__The task__.
Determine how many lines in the records below include the word "used" and output that number alone.

__Data shown__.
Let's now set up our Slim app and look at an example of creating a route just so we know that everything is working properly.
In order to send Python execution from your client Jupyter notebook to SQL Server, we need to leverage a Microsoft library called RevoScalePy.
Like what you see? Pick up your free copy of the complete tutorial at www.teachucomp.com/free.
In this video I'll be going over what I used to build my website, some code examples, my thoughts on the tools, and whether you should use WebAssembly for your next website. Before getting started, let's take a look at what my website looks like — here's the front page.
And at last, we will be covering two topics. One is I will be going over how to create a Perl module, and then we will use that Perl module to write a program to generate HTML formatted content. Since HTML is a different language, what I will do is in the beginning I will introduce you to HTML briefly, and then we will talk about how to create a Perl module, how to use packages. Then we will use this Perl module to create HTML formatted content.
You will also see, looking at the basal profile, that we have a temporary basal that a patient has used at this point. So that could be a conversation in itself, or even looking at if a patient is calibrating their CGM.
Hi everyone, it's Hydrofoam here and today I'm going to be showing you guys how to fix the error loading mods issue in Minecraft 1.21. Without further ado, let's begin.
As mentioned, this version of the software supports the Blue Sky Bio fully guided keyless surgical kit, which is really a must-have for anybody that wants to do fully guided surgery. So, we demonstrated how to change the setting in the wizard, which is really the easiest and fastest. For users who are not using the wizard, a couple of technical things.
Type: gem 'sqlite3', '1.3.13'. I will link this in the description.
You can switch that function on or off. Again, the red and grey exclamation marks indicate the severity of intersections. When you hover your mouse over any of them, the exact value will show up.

...

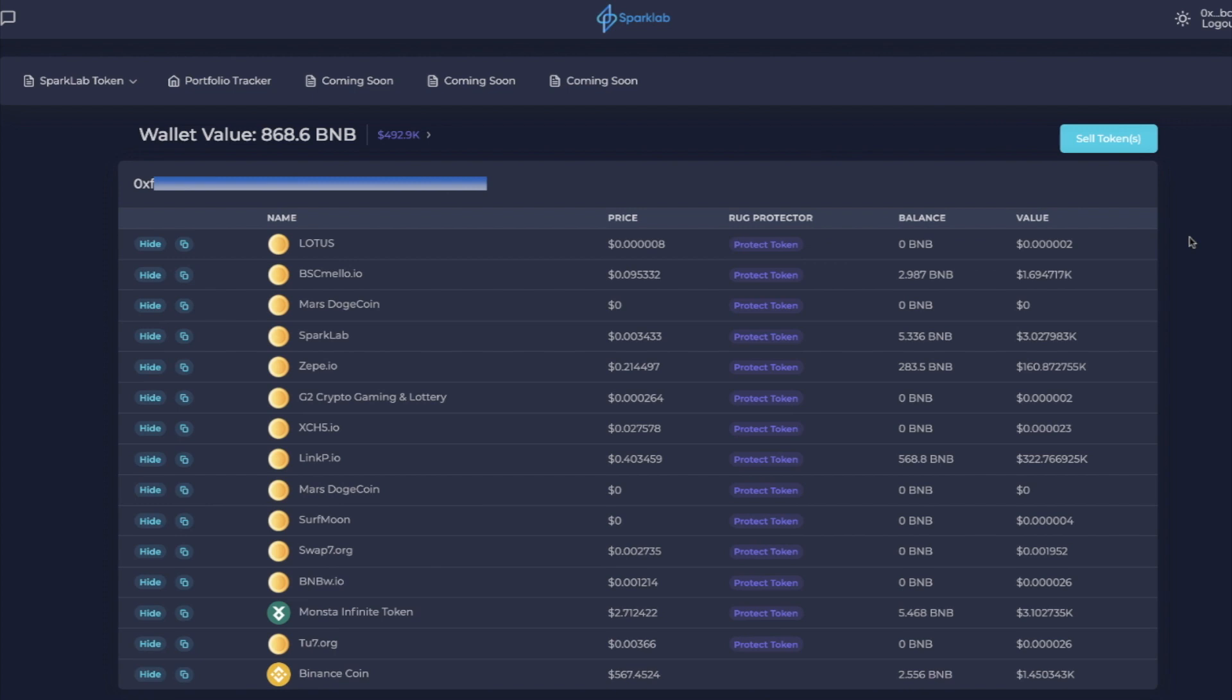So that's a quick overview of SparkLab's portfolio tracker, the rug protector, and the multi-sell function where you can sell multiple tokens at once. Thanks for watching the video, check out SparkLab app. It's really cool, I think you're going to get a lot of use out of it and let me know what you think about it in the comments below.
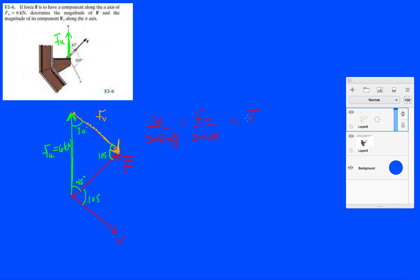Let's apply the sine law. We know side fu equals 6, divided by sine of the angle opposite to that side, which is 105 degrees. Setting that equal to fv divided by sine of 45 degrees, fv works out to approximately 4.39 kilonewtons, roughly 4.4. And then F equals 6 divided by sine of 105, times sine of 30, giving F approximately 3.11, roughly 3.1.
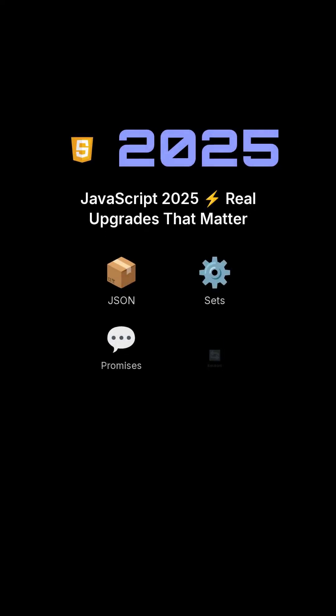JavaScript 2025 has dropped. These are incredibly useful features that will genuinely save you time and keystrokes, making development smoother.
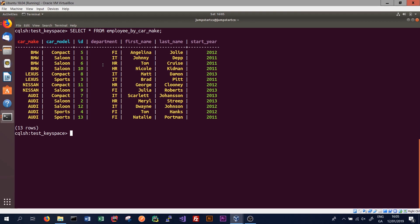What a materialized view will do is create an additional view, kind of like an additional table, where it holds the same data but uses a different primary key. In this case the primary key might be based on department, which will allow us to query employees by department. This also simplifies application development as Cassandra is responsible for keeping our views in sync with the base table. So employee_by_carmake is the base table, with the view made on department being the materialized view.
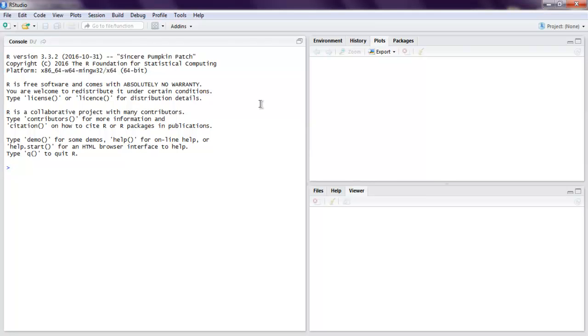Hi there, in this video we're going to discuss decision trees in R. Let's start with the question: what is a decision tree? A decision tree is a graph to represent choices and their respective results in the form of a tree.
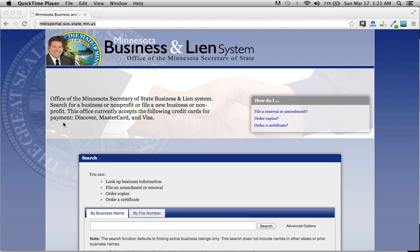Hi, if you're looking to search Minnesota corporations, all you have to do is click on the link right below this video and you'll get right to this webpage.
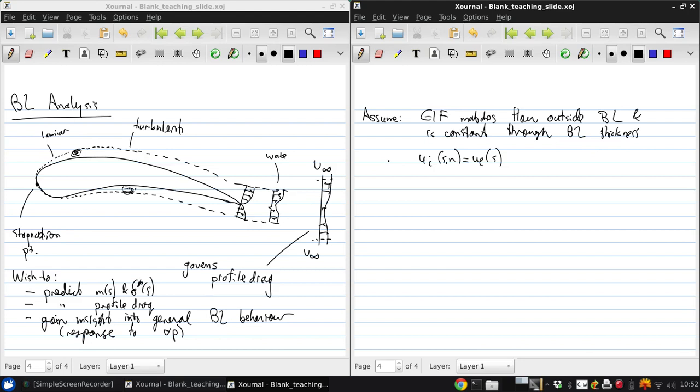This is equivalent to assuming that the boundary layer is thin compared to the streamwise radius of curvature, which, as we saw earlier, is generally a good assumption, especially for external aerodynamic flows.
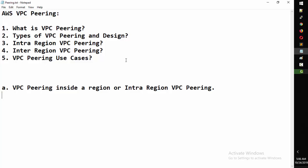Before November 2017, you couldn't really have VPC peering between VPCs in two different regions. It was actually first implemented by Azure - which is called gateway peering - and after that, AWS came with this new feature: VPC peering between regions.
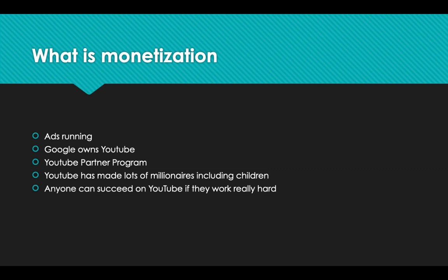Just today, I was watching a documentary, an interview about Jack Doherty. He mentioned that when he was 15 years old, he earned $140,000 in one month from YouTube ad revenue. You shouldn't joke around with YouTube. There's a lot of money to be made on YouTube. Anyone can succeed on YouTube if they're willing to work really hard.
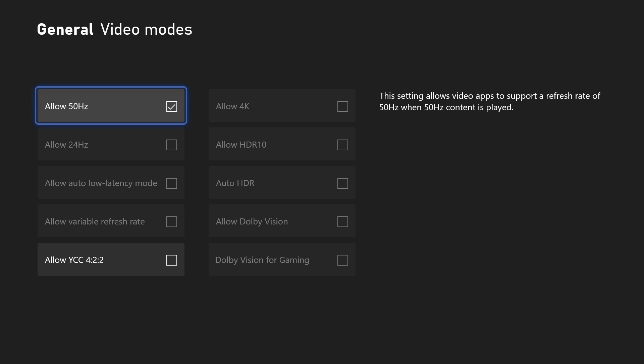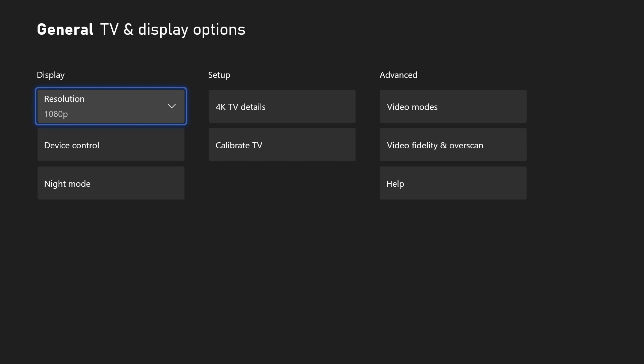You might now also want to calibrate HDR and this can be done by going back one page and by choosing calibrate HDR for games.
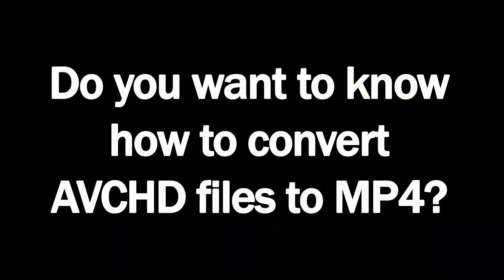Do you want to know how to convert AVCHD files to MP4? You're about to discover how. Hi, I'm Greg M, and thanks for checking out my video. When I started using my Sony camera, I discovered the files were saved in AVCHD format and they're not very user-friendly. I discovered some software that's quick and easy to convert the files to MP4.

__Response to the task__.
2